Volunteer Educator and Advocate, Schools Without Racism
Virginia Holocaust Museum
"In Central Virginia, after school presentations or groups led at the Virginia Holocaust Museum, students wrote letters, drew pictures, and created a book about Alex. They email him for facts but they also email him for encouragement to fight the woes of society and to learn how to live and act civil with others." Miriam Davidow, nominator
Alex Lebenstein is a Holocaust survivor and volunteer at the Virginia Holocaust Museum who spreads a message of tolerance to schoolchildren worldwide. His speaking career began with a request from students in his birthplace of Haltern, Germany, where he and his parents were forced to flee from their home by Nazi hoodlums on Kristallnacht, November 9-10, 1938. After losing his parents to violence and barely surviving deprivation and cruelty in forced labor and concentration camps, he swore he would never return to Germany, and he was consumed by anger for many years.
But when he accepted an invitation from the students in Haltern, and saw how they were suffering from the burden of the horrible actions of their grandparents, he realized that they shared a common pain. Over the next 12 years Alex inspired these youngsters through a variety of projects to fight racism. He also began accepting requests to speak about his experience throughout Central Virginia, and he continues to campaign for a statewide Schools Without Racism movement. Alex accepts no compensation for his time or travel and returns to Haltern regularly, where the school was recently renamed in his honor.

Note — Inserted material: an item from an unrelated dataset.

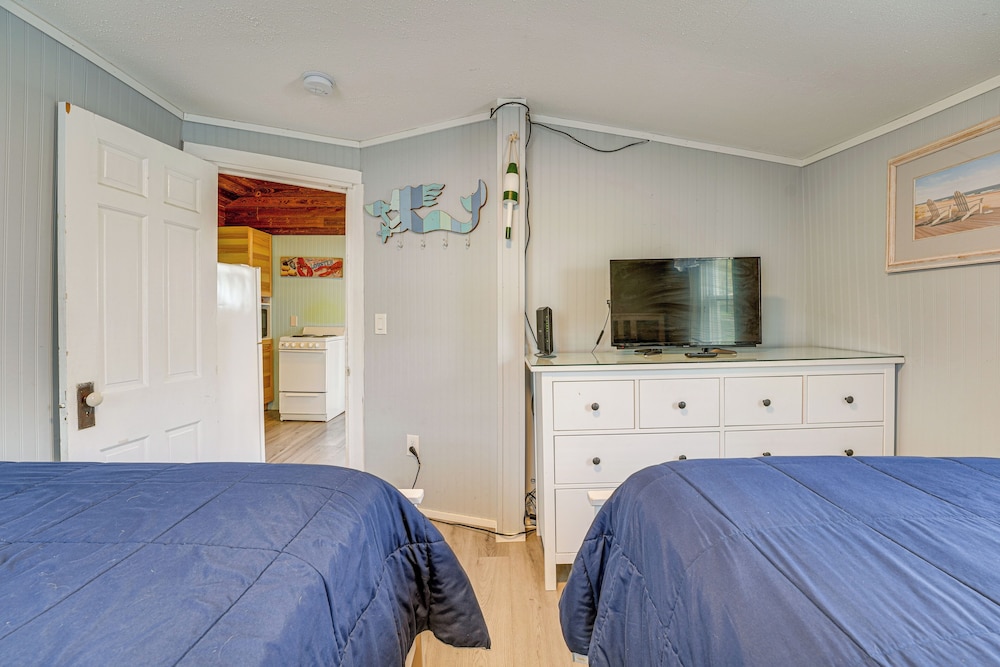 Large Yard: Walkable Cottage in Old Orchard Beach!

T.K. Somanath, Executive Director
Better Housing Coalition
"BHC saw the potential of what our neighborhood [Fairmount in the East End] could become, so the residents were encouraged as they held on to their dreams that nothing was impossible…The addition of new homes that are of high quality and attractively designed, as well as renovated houses, enhance the entire neighborhood and have brought new families to the neighborhood…Property values are up, aesthetics are favorable, and there is crime reduction." Beth Hopkins, nominator
Better Housing Coalition (BHC) is a private, non-profit organization established in 1988 by local civic leaders to provide creative, collaborative long-term solutions to increase affordable housing resources and revitalize communities in the Richmond, Virginia metropolitan area. The BHC has a 20-year track record of forging partnerships with businesses, public agencies and neighborhood organizations, resulting in the development of more than 1,000 affordable housing units in the Richmond region and hundreds of secure, attractive apartments. Through its Community Social Work Department, the BHC works with residents to improve their social and economic health, while its property management company ensures responsible and timely upkeep of its assets.